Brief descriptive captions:

--- --- ---

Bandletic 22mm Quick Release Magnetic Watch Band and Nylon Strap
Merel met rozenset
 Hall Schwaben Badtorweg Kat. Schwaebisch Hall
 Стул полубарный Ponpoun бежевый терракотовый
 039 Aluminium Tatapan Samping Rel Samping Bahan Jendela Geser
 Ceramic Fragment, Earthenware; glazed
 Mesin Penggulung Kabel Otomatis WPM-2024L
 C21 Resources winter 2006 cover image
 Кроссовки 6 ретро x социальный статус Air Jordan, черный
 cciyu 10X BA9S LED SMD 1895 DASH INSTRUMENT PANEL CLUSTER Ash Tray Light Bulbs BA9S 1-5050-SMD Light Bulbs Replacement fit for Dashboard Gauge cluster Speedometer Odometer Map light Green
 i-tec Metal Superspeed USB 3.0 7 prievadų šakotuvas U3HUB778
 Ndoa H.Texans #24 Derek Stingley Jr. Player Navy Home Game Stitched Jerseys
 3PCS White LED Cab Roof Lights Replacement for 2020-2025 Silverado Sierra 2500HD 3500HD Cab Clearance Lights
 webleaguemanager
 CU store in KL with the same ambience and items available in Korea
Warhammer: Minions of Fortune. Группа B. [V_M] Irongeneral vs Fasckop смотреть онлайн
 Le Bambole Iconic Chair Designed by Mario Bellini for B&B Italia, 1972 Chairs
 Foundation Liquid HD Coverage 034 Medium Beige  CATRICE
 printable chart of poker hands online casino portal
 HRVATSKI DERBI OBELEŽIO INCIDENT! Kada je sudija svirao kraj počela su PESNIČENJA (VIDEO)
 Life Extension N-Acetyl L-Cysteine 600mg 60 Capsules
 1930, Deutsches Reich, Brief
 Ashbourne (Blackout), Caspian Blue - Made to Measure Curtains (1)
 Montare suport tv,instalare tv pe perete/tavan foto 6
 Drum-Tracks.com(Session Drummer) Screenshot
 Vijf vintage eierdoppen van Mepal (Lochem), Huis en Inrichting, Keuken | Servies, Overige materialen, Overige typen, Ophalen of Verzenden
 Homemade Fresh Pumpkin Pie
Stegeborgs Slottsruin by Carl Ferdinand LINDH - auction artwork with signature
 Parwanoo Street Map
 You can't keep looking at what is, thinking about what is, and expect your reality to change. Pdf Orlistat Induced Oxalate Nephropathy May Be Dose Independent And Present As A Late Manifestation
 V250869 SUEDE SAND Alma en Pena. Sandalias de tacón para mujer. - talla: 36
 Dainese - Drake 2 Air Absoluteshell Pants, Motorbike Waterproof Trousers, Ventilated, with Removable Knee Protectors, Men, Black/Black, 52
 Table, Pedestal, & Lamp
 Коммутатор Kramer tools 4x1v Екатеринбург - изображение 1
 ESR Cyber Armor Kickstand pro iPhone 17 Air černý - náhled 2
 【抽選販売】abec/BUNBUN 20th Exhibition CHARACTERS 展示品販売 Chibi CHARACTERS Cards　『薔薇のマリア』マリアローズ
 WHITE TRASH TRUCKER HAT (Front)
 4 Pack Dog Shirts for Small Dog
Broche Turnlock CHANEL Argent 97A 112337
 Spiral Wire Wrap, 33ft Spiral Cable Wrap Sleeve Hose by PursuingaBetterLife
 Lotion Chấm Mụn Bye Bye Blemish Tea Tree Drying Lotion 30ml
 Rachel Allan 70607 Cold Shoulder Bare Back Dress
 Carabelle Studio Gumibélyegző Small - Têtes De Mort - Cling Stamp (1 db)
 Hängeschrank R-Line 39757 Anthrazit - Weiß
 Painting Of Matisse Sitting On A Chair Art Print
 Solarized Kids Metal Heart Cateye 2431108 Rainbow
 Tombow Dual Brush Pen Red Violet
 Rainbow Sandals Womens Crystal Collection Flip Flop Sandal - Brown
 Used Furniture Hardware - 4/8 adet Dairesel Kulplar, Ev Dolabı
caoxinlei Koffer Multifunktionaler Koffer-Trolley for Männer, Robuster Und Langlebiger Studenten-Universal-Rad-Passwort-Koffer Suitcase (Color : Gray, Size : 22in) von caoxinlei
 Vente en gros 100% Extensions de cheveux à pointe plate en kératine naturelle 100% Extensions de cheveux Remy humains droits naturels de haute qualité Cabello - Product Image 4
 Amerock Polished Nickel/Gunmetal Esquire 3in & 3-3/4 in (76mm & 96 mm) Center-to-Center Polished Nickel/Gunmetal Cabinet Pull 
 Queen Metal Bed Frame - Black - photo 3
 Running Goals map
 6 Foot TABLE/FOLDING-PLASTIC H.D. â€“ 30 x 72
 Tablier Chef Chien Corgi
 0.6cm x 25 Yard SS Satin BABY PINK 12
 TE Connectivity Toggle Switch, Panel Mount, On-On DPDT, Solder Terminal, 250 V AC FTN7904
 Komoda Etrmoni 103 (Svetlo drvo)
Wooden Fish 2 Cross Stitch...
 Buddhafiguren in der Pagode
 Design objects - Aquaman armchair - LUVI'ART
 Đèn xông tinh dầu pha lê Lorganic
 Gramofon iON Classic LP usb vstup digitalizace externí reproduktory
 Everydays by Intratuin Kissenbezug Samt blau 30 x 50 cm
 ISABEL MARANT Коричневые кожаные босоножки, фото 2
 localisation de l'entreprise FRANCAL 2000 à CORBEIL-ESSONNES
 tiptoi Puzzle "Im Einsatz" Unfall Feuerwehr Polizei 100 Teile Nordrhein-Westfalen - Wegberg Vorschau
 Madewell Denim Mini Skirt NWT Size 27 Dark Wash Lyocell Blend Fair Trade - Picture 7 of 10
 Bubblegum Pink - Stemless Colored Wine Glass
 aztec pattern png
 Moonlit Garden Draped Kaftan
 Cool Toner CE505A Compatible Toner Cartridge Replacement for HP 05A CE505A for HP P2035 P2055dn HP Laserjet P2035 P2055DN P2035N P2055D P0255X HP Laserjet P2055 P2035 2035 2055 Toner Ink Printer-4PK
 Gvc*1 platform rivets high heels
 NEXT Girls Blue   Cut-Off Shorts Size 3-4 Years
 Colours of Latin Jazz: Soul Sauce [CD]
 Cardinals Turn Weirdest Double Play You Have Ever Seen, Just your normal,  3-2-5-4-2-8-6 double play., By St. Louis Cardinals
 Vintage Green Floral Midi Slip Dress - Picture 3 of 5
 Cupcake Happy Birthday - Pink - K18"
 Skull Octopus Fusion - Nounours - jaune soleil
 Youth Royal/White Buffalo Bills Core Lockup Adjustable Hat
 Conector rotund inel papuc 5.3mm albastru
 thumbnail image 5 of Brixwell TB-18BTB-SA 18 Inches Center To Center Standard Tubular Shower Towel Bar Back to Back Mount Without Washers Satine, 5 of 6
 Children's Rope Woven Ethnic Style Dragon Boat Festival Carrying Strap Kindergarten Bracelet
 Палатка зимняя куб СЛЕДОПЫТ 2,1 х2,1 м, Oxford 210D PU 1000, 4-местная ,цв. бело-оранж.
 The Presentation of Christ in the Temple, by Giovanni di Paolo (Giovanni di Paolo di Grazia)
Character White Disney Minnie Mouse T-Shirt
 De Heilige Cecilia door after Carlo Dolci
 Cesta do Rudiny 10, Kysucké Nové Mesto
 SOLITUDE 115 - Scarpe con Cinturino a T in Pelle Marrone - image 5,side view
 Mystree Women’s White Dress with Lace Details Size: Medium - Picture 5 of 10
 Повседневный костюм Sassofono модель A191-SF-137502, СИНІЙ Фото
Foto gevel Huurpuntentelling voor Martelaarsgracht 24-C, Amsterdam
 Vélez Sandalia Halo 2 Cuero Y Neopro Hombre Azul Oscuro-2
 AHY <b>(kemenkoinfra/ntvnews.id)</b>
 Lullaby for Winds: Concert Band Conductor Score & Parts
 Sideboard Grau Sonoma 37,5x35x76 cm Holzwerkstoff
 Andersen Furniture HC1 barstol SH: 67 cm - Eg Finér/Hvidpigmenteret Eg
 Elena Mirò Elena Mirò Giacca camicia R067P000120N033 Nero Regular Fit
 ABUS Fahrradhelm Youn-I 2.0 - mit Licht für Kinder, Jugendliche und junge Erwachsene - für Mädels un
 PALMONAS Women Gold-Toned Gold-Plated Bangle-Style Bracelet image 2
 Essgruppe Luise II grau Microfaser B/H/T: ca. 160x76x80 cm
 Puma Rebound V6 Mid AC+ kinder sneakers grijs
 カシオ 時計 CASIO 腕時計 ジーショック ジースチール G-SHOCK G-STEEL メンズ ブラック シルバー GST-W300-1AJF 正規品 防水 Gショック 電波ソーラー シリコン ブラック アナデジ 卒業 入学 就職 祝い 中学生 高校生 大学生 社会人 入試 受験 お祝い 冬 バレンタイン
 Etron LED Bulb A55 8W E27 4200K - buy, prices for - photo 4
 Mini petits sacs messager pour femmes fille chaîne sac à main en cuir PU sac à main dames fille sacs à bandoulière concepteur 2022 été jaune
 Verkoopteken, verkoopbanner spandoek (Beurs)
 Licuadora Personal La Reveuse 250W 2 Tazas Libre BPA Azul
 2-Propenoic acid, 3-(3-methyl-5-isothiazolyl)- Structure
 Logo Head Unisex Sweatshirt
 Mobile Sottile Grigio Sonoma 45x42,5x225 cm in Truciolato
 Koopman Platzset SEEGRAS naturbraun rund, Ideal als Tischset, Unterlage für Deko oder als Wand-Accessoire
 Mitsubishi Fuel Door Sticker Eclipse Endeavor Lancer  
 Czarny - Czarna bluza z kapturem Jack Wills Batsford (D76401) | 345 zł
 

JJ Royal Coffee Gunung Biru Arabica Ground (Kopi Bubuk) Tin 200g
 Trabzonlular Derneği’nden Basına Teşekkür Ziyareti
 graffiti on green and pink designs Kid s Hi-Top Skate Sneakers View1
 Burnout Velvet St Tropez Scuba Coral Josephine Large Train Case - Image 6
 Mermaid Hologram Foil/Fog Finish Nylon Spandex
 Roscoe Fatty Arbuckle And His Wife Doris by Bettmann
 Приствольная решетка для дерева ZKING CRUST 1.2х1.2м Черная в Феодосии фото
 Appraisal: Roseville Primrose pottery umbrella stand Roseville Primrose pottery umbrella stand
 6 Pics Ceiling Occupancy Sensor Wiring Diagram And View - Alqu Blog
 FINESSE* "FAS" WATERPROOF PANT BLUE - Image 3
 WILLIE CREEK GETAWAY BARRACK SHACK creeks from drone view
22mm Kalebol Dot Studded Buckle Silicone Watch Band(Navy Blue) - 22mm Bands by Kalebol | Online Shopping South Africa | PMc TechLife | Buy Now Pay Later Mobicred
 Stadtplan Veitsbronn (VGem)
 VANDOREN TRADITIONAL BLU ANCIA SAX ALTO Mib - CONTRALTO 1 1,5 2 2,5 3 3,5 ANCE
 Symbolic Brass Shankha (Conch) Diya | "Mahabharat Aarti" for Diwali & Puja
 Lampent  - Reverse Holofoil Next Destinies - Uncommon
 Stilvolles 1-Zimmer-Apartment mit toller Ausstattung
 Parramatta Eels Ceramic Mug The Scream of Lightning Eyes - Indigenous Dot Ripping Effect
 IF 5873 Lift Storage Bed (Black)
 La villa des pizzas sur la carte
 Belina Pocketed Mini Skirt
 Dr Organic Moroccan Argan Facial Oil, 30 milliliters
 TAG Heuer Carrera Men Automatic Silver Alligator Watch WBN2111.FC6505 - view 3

--- --- ---

From the records above, pull every line that has the string "Dress" and copy it.

▶ _Completed exercise_
 Rachel Allan 70607 Cold Shoulder Bare Back Dress
 Vintage Green Floral Midi Slip Dress - Picture 3 of 5
 Mystree Women’s White Dress with Lace Details Size: Medium - Picture 5 of 10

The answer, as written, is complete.